-- Dataset records follows --

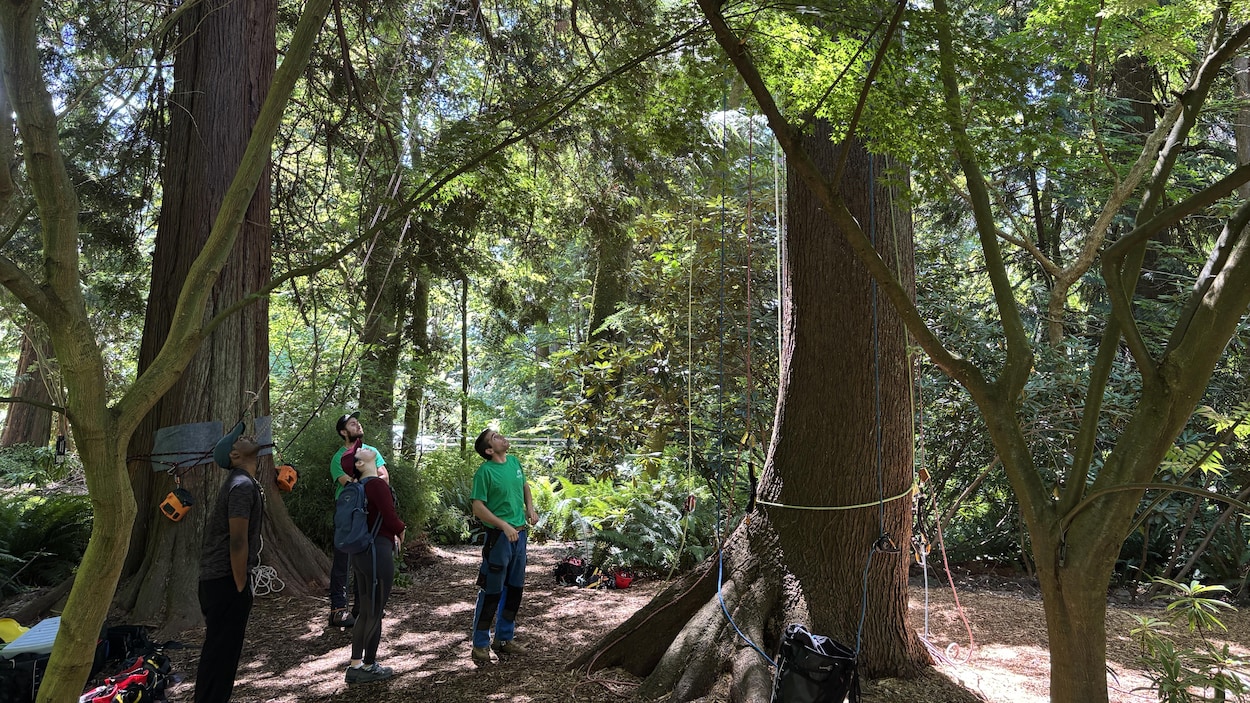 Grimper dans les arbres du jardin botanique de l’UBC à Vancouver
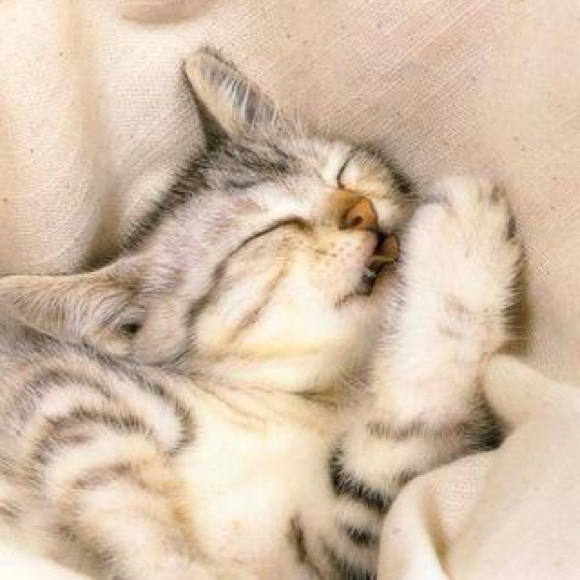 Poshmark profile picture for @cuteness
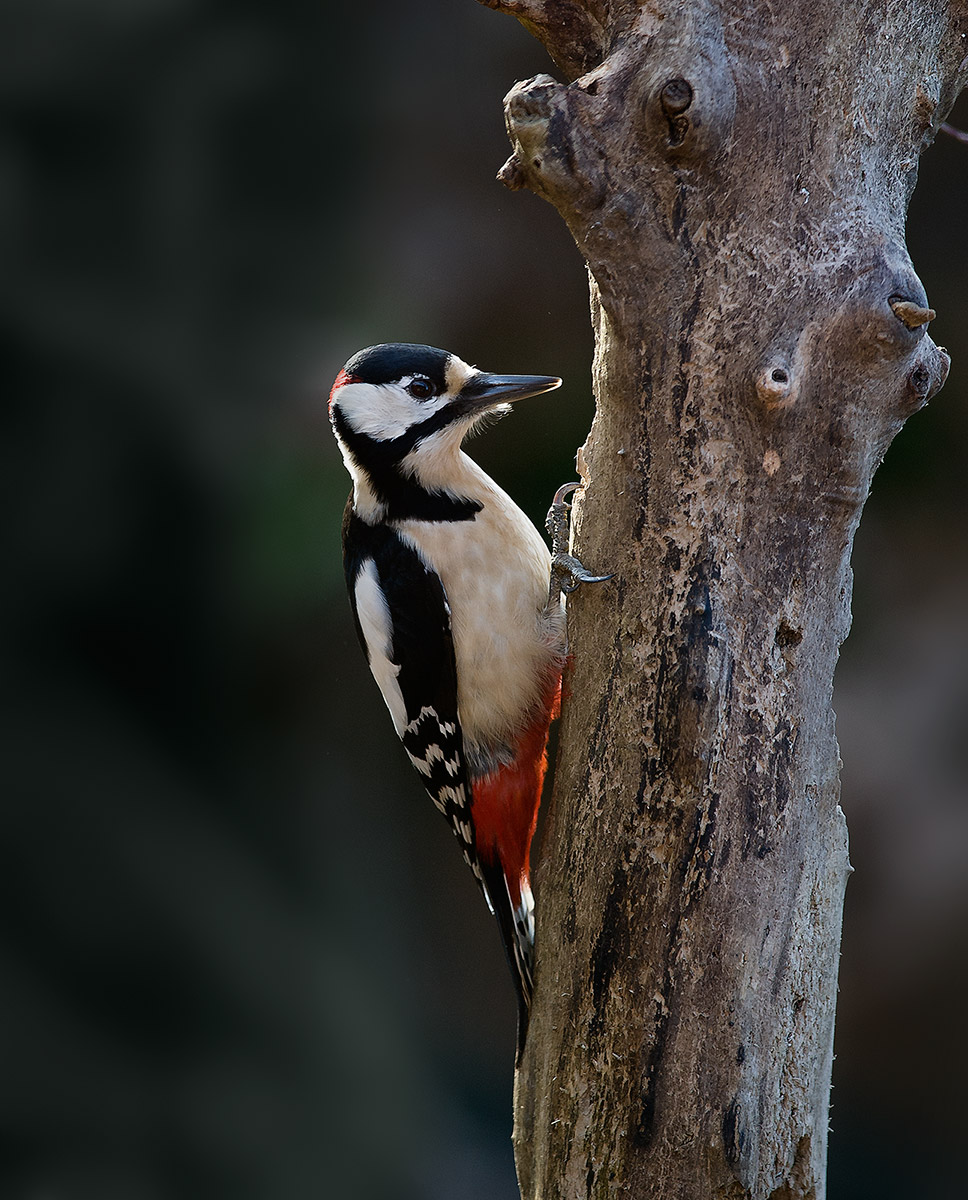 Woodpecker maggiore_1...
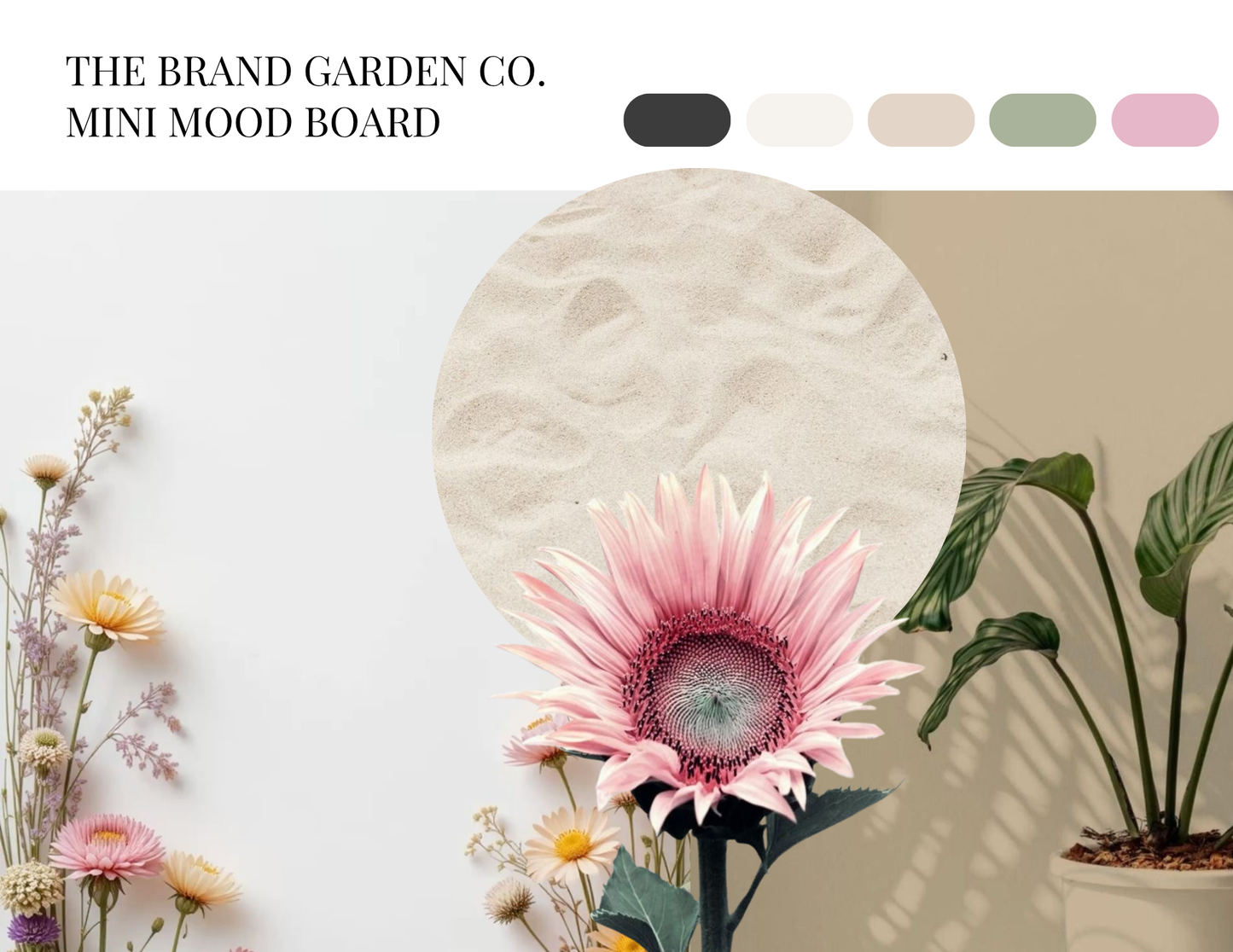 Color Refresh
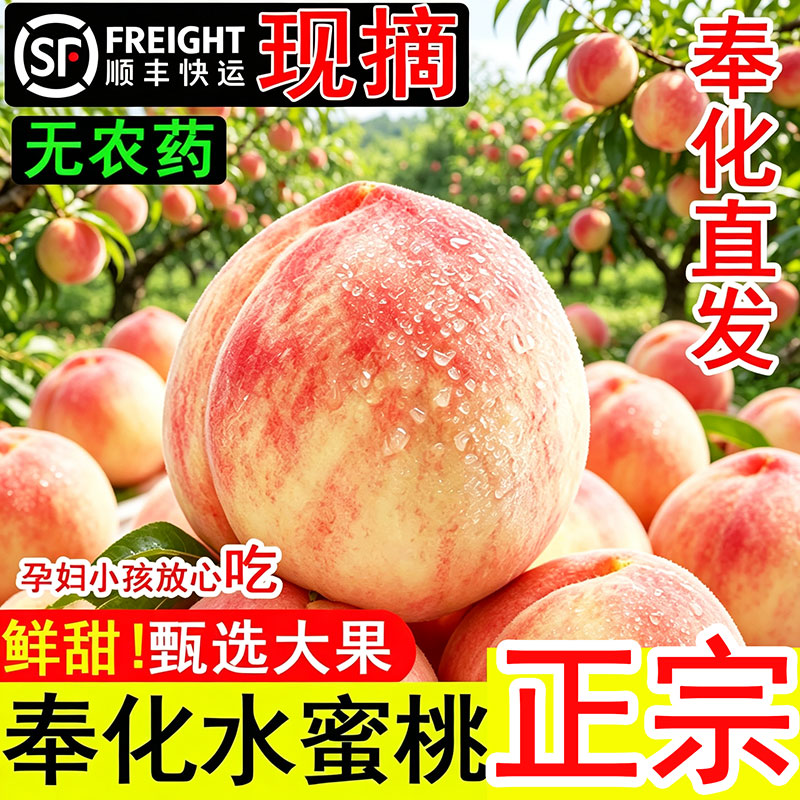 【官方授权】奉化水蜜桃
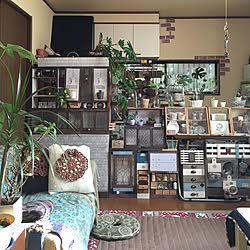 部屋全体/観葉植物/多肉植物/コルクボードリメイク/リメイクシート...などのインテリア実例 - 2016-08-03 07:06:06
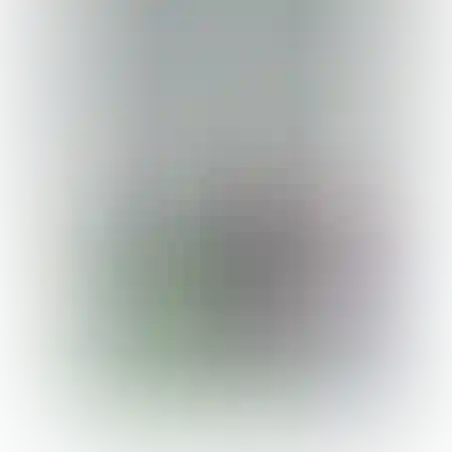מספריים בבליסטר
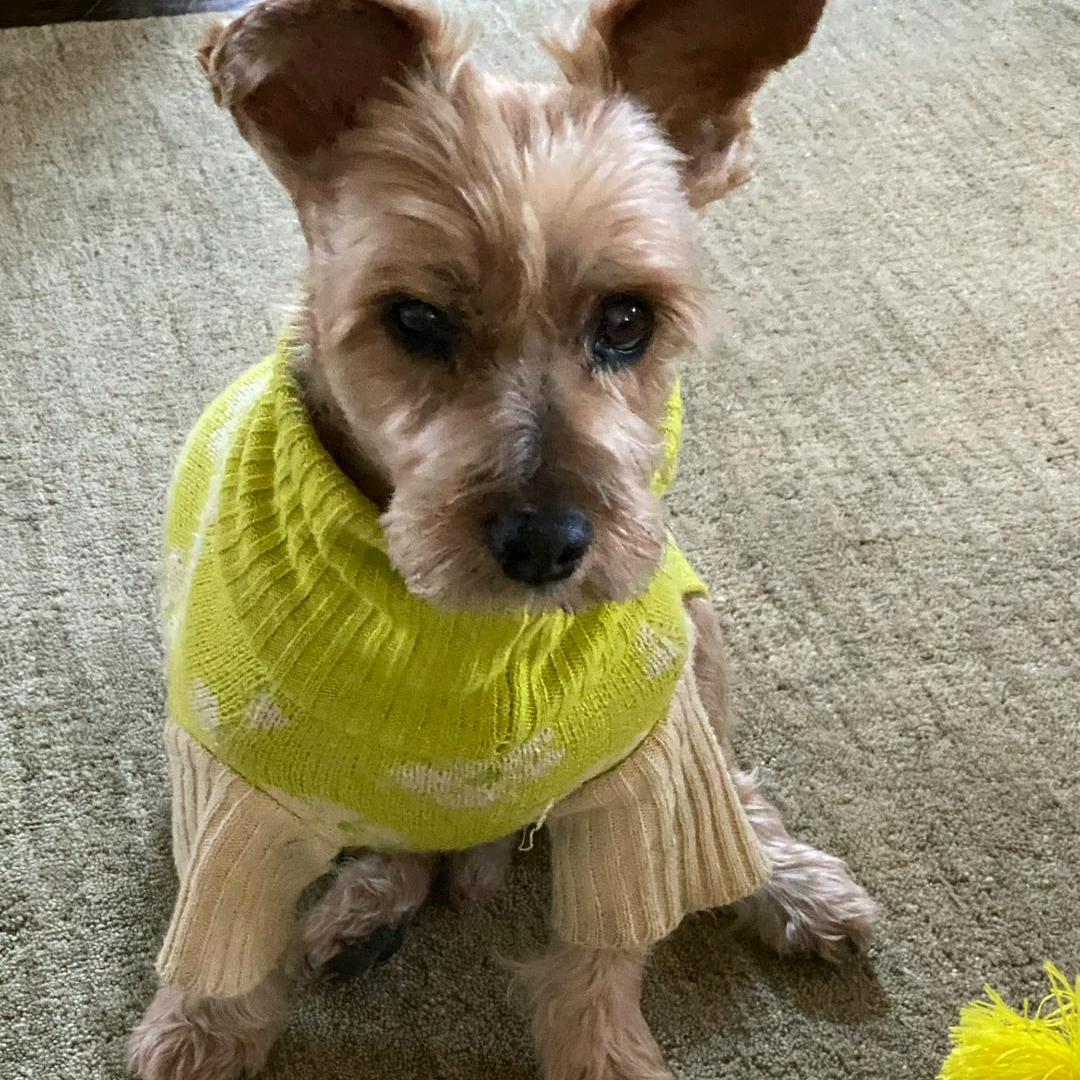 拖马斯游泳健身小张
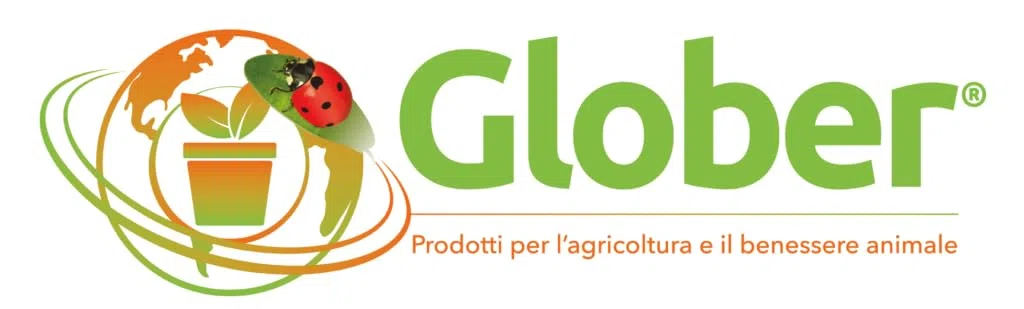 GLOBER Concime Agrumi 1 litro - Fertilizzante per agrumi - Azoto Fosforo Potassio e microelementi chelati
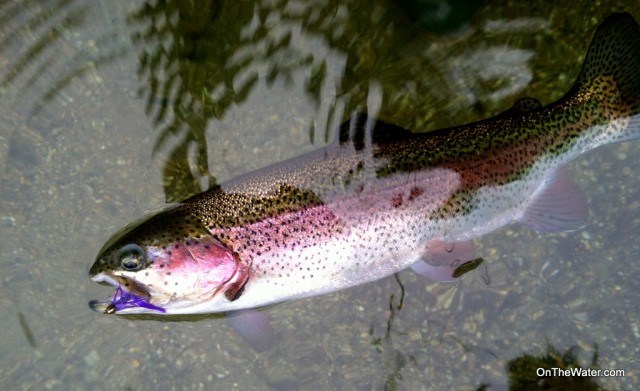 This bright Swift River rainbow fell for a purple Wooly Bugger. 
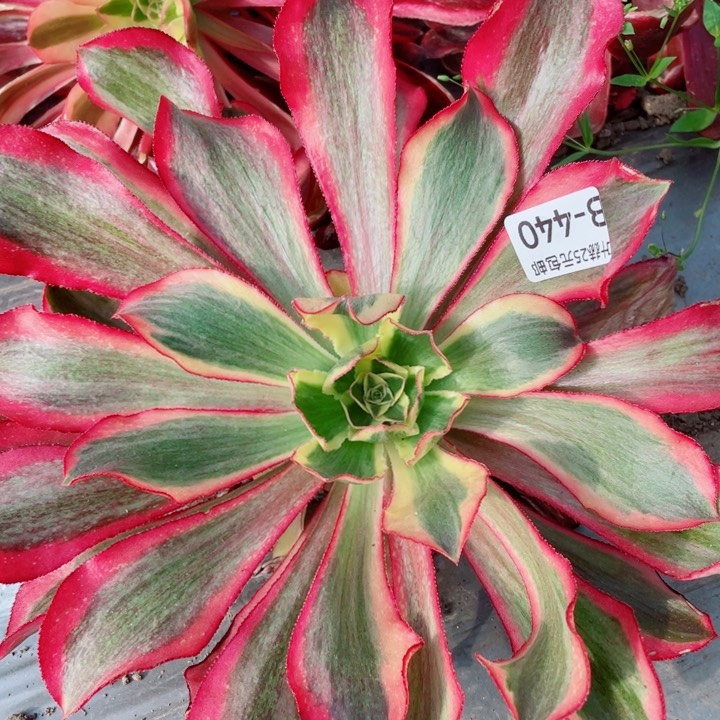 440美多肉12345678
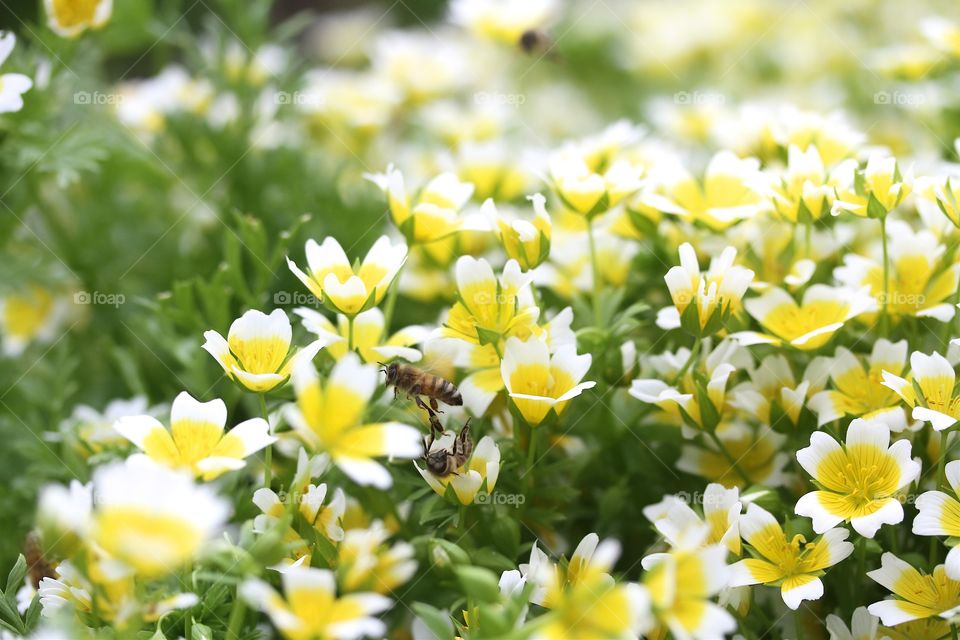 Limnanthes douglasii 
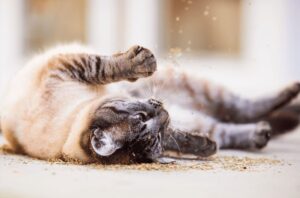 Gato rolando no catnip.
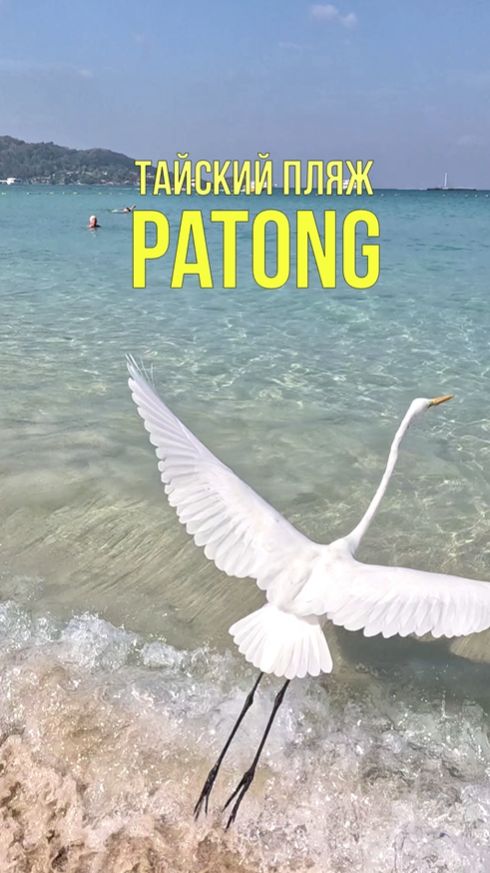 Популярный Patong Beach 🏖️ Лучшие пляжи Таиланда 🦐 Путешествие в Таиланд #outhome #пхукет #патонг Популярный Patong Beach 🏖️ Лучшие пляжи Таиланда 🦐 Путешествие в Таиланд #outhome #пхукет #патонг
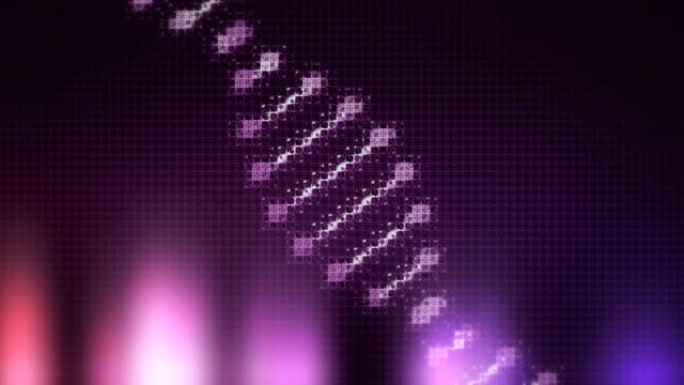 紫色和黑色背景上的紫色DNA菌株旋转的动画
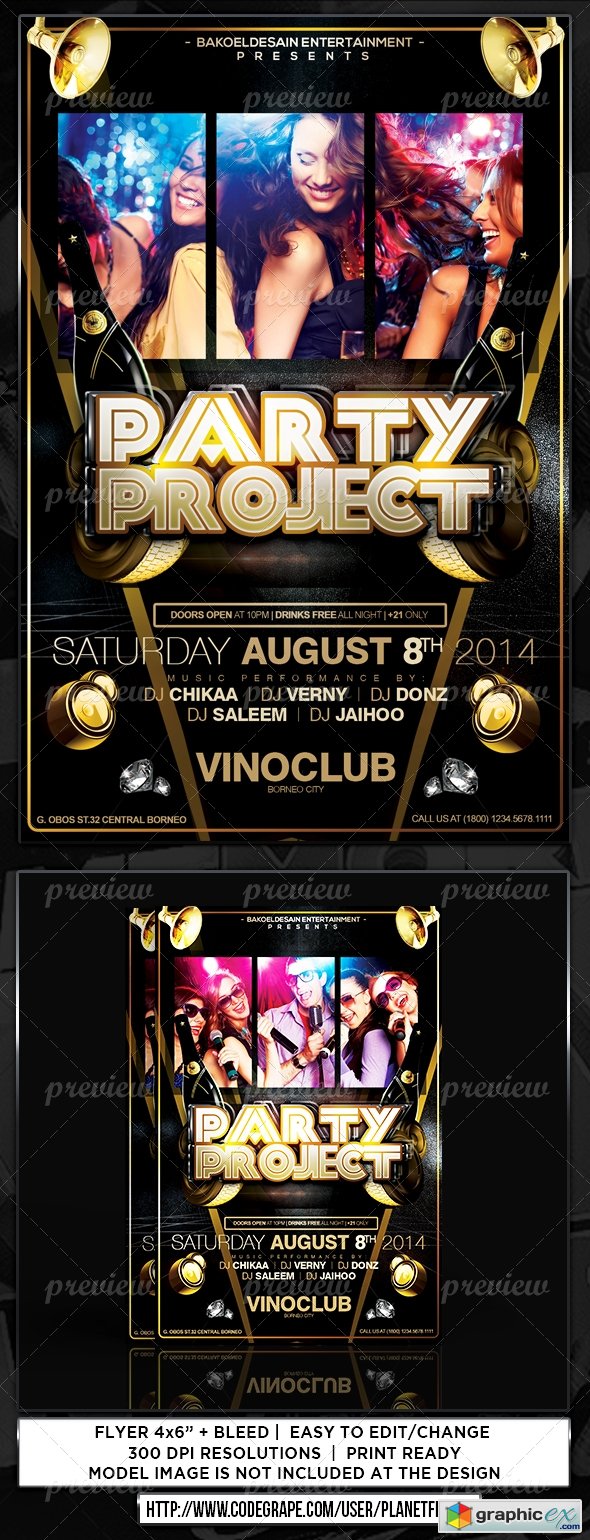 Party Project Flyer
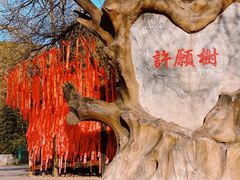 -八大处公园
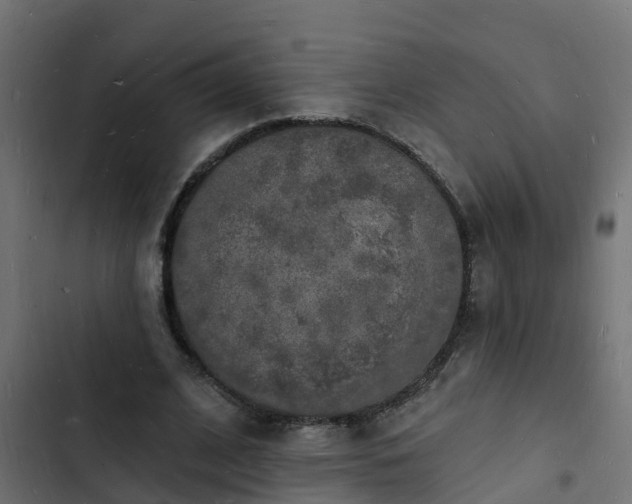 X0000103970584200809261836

-- Dataset records concluded --

> _Exercise_:
Write out each entry word for word, images excluded.

> _Finished exercise_:
 Grimper dans les arbres du jardin botanique de l’UBC à Vancouver
 Poshmark profile picture for @cuteness
 Woodpecker maggiore_1...
 Color Refresh
 【官方授权】奉化水蜜桃
 部屋全体/観葉植物/多肉植物/コルクボードリメイク/リメイクシート...などのインテリア実例 - 2016-08-03 07:06:06
מספריים בבליסטר
 拖马斯游泳健身小张
 GLOBER Concime Agrumi 1 litro - Fertilizzante per agrumi - Azoto Fosforo Potassio e microelementi chelati
 This bright Swift River rainbow fell for a purple Wooly Bugger. 
 440美多肉12345678
 Limnanthes douglasii 
 Gato rolando no catnip.
 Популярный Patong Beach 🏖️ Лучшие пляжи Таиланда 🦐 Путешествие в Таиланд #outhome #пхукет #патонг Популярный Patong Beach 🏖️ Лучшие пляжи Таиланда 🦐 Путешествие в Таиланд #outhome #пхукет #патонг
 紫色和黑色背景上的紫色DNA菌株旋转的动画
 Party Project Flyer
 -八大处公园
 X0000103970584200809261836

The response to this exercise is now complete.